Mais le chef de l’entreprise est un rude marin, habitué à tout souffrir. Aussi ne se rebute-t-il pas. Si l’on a échoué la première fois, ne peut-on être plus heureux dans une seconde tentative?

Au mois de février 1770, Hearne s’élance de nouveau à travers ces contrées inconnues. Cette fois, il est seul avec cinq Indiens, car il a compris que l’inaptitude des blancs à supporter les fatigues engendre le mépris des sauvages. Déjà il s’est éloigné de cinq cents milles, lorsque la rigueur de la saison le force à s’arrêter et à attendre une température plus clémente. Ce fut un rude moment à passer. Tantôt dans l’abondance, avec du gibier plus qu’on n’en peut consommer, plus souvent n’avoir rien à se mettre sous la dent, être même obligé, pendant sept jours, de mâcher de vieux cuirs, de ronger des os qu’on avait jetés, ou de chercher sur les arbres quelques baies qu’on ne trouve pas toujours, souffrir, enfin, des froids terribles, voilà l’existence du découvreur dans ces contrées glacées!

Hearne repart au mois d’avril, continue jusqu’en août à courir les bois, et se prépare à passer l’hiver auprès d’une tribu indienne qui l’a bien accueilli, lorsqu’un accident, qui le prive de son quart de cercle, le force à continuer sa route.

Les privations, les misères, les déceptions n’ébranlent pas l’indomptable courage de Samuel Hearne.

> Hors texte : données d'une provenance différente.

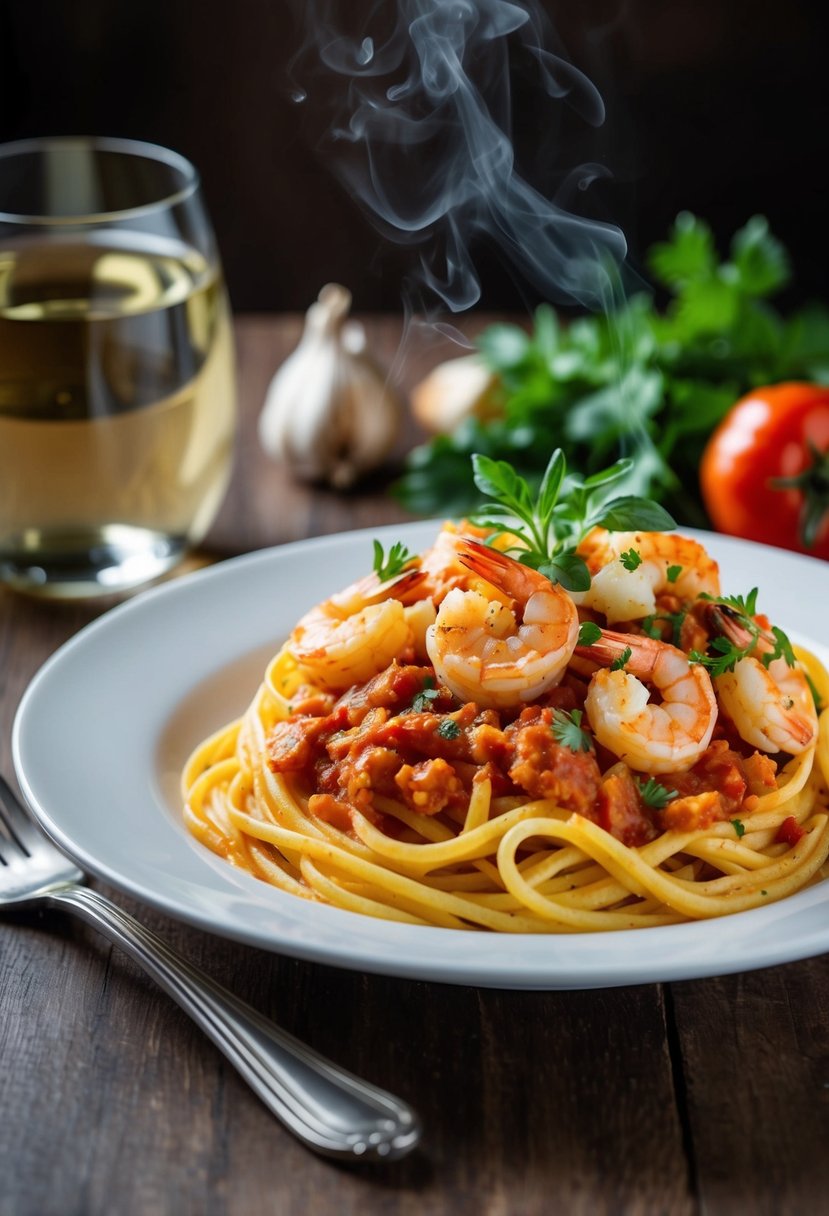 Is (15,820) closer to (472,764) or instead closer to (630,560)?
(472,764)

Il repart le 7 décembre, et, s’enfonçant dans l’ouest sous le soixantième degré de latitude, il rencontre une rivière. Le voilà construisant un canot et descendant ce cours d’eau, qui se jette dans une série interminable de lacs grands et petits. Enfin, le 13 juillet 1771, il atteint la rivière de Cuivre. Les Indiens qui l’accompagnaient se trouvaient depuis quelques semaines sur les territoires fréquentés par les Esquimaux, et se promettaient, s’ils en rencontraient, de les massacrer jusqu’au dernier.

Cet événement ne devait pas se faire attendre.

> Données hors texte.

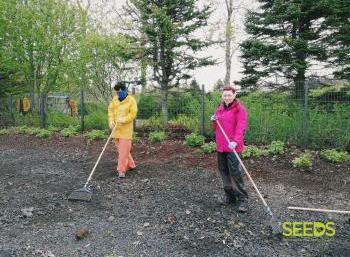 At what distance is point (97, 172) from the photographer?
795cm

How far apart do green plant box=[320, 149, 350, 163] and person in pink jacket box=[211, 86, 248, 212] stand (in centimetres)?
318

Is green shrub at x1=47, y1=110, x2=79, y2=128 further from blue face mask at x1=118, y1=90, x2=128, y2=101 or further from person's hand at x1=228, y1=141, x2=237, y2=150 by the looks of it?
person's hand at x1=228, y1=141, x2=237, y2=150

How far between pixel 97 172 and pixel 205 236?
3628mm

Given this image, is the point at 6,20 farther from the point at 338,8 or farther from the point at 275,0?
the point at 338,8

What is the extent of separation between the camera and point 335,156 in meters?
8.18

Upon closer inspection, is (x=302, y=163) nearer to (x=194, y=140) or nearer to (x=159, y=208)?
(x=194, y=140)

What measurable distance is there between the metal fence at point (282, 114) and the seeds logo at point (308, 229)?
13.8 ft

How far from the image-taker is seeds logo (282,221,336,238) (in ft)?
16.0

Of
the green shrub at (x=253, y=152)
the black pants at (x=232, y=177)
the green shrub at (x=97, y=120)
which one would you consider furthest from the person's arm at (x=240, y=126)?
the green shrub at (x=97, y=120)

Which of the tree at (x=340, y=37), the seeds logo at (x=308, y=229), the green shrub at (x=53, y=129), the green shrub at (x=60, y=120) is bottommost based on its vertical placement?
the seeds logo at (x=308, y=229)

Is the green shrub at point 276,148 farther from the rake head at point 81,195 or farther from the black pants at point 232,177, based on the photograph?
the rake head at point 81,195

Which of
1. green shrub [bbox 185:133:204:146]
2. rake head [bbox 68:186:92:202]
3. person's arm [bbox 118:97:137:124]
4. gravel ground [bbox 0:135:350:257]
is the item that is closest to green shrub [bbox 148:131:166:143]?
green shrub [bbox 185:133:204:146]

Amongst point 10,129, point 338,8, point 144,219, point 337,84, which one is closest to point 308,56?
point 338,8

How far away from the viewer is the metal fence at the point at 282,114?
29.8 ft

«Voyant, dit Hearne, tous les Esquimaux livrés au repos dans leurs tentes, les Indiens sortirent de leur embuscade et tombèrent à l’improviste sur ces pauvres créatures; je contemplais ce massacre, réduit à rester neutre.»

Des vingt individus qui composaient cette tribu, pas un n’échappa à la rage sanguinaire des Indiens, et ils firent périr dans les plus épouvantables tortures une vieille femme qui avait tout d’abord échappé au massacre.

«Après cet horrible carnage, continue Hearne, nous nous assîmes sur l’herbe et fîmes un bon repas de saumon frais.»

En cet endroit, la rivière s’élargissait singulièrement. Le voyageur était-il donc arrivé à son embouchure? Pourtant l’eau était absolument douce. Sur le rivage, paraissaient, cependant, comme les traces d’une marée. Des phoques se jouaient en grand nombre au milieu des eaux. Quantité de barbes de baleine avaient été trouvées dans les tentes des Esquimaux. Tout se réunissait enfin pour donner à penser que c’était la mer. Hearne saisit son télescope. Devant lui se déroule à perte de vue une immense nappe d’eau, interrompue, de place en place, par des îles. Plus de doute, c’est la mer.

Le 30 juin 1772, Hearne ralliait les établissements anglais, après une absence qui n’avait pas duré moins d’un an et cinq mois.

La Compagnie reconnut l’immense service que Hearne venait de lui rendre en le nommant gouverneur du fort de Galles. Pendant son expédition à la baie d’Hudson, La Pérouse s’empara de cet établissement et y trouva le journal de voyage de Samuel Hearne. Le navigateur français le lui rendit à la condition qu’il le publierait. Nous ne savons quelles circonstances ont retardé, jusqu’en 1795, l’accomplissement de la parole que le voyageur anglais avait donnée au marin français.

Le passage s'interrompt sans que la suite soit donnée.